• _TASK DESCRIPTION_:
Below are entries; output exactly the lines from the one with "Bambu Kapaklı Kare" to the one with "LEVELLING, BLADE, QUICK", both included, and nothing else.
-=-=-
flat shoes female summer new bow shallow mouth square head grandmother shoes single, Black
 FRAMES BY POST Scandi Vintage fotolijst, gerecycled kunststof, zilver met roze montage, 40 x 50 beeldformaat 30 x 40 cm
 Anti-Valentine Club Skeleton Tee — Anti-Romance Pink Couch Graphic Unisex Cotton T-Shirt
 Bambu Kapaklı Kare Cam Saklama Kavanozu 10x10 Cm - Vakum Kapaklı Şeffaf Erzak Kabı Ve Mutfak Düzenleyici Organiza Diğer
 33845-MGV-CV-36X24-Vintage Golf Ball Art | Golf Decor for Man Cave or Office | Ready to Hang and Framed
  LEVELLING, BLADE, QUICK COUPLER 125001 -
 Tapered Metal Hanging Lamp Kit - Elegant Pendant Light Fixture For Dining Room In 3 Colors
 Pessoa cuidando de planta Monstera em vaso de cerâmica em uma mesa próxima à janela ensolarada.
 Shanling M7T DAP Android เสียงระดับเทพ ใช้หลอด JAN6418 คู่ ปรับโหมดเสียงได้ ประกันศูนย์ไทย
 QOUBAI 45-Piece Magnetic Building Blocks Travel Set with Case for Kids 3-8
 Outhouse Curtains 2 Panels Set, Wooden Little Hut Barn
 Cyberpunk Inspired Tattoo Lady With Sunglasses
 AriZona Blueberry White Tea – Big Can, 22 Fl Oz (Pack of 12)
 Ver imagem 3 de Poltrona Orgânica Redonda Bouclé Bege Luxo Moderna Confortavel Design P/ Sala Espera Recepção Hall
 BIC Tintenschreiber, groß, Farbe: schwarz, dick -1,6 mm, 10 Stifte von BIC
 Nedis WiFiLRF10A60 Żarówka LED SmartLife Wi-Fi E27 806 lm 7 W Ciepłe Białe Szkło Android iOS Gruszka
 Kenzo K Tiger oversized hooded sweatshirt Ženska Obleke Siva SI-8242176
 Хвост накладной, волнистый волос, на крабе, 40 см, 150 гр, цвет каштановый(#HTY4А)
-=-=-
• _ANSWER FOR THIS EXERCISE_:
 Bambu Kapaklı Kare Cam Saklama Kavanozu 10x10 Cm - Vakum Kapaklı Şeffaf Erzak Kabı Ve Mutfak Düzenleyici Organiza Diğer
 33845-MGV-CV-36X24-Vintage Golf Ball Art | Golf Decor for Man Cave or Office | Ready to Hang and Framed
  LEVELLING, BLADE, QUICK COUPLER 125001 -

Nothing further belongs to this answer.